[Source records]
=======

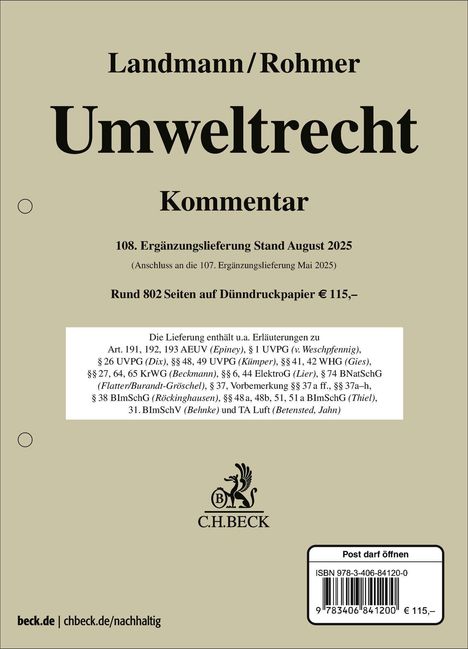 "Umweltrecht Kommentar, 108. Ergänzungslieferung August 2025, 802 Seiten, €115, C.H.BECK Logo."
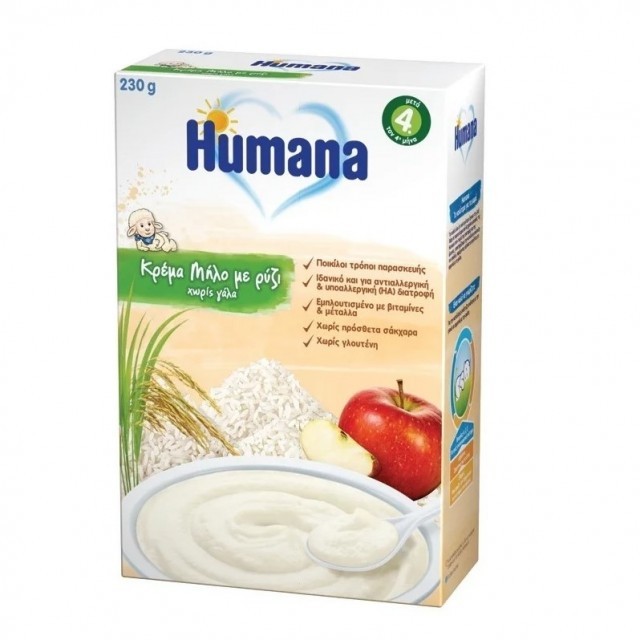 Humana Κρέμα Μήλο με Ρύζι χωρίς Γάλα 230gr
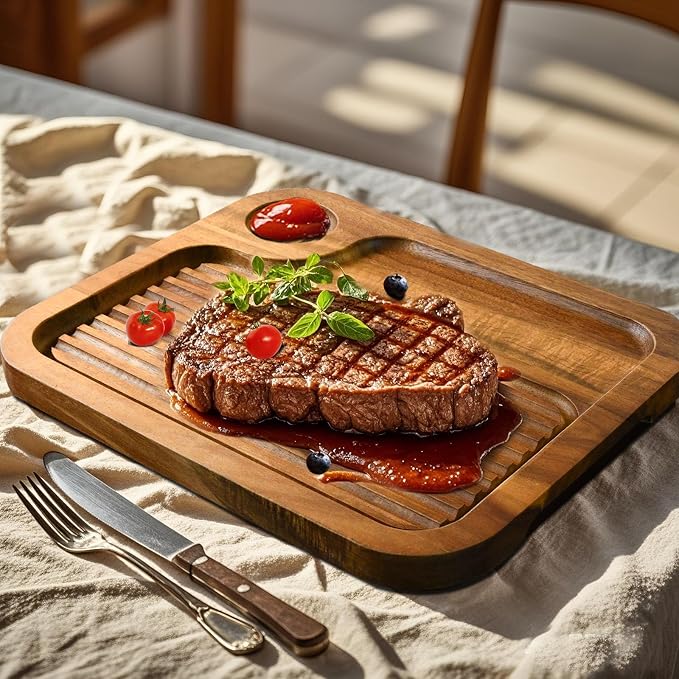 4 pcs Acacia Wood Steak Plates,Carnivore Meat Cutting Board for Eating | Carved Wooden Serving Trays Food Serving Platter Cheese Charcuterie Board with Deep Groove & Hidden Handles Housewarming Gift
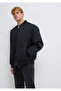 Men's Embroidered Black Transitional Coat - 3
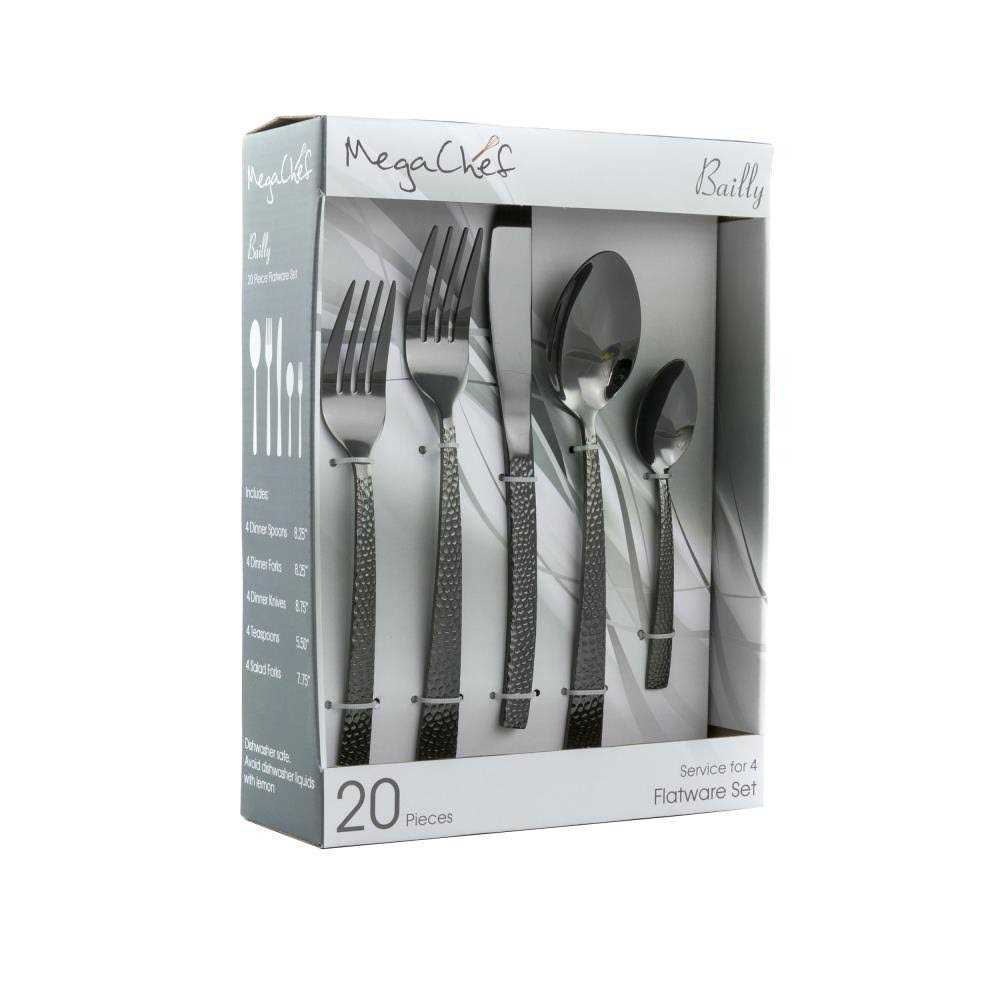 Megachef Baily 20-Piece Stainless-Steel Flatware Set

=======

_Exercise_. All lines from the one containing "4 pcs Acacia" to the end of the entries should appear in the output exactly as written, with no pictures.

_Output of the exercise_.
 4 pcs Acacia Wood Steak Plates,Carnivore Meat Cutting Board for Eating | Carved Wooden Serving Trays Food Serving Platter Cheese Charcuterie Board with Deep Groove & Hidden Handles Housewarming Gift
 Men's Embroidered Black Transitional Coat - 3
 Megachef Baily 20-Piece Stainless-Steel Flatware Set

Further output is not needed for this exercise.